Louise, the Curator at the George Marshall Museum was fantastic, she is extremely knowledgeable about the collections and let us handle some of the equipment. From amputation saws from before anaesthetic was used, to old splints, a bone nibbler, hip replacement joints, and standing in the room where the Medical and Surgical Association was founded by Charles Hasting in 1832, later becoming the Brtish Medical Association Charles Hasting a Physician address, to the newly founded Medical Surgical Association which he founded in 1832. His address to the newly formed Association is framed and hangs on the wall. Louise the Curator at the Museum tells stories of Charles Hastings wanting to help people and bring order and the beginning of ethics to the medical profession. Fascinating to hear about the last 250 years of medicine.
After lunch and conversations that sparked from Louise at the museum talking about the history of trying to make patients look normal after surgery we got back into the cowshed and started moving with the morning stories and objects resonating.

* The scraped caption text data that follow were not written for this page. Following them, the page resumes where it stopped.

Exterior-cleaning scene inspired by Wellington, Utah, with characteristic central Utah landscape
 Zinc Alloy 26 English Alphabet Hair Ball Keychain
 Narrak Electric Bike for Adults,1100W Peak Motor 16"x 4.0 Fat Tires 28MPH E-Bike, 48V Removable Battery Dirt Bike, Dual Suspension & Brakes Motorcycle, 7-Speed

This afternoon we explored our right and left sides. Leading from one side and then the other. Finding the comfort, stability, the joy, the limits that we each feel. Searching for softness and control, where do they collide to infuse or blur in the middle. Stripping the left and right to allow one side to have a spotlight and the other to echo. One side offers support, grounding a sense of rooting the other a shyness, a uncertainty that goes away and comes back. Explicitly sharing our left and right we moved through sharing, giving and receiving weight tasks, constantly moving, always adjusting my weight, finding the possibilities of limbs to take weight and to support the next roll into a point of contact. Allowing pauses for breathing to flow, a giggle to release, my occasionally twitch and spasms to flow, a small adjustment to my right side, inviting my left to have weight, to take weight through my skeleton to continue a internal conversation of trusting my left side, enabling my right side to soften and be still. Spending time on weight sharing, and non-verbal communication discovering identity through the body, Saffy put on my arm splint and night time leg splint and danced. Feeling the constraints, weight, finding the possibilities of moving with these objects. Moving with her right leading then her left using stimulus I was giving her. After a while of finding comfort with the splints in movement I asked Saffy to remove the splints in a silence smooth transition and carry on dancing feeling the resonances of the splints that are no longer there.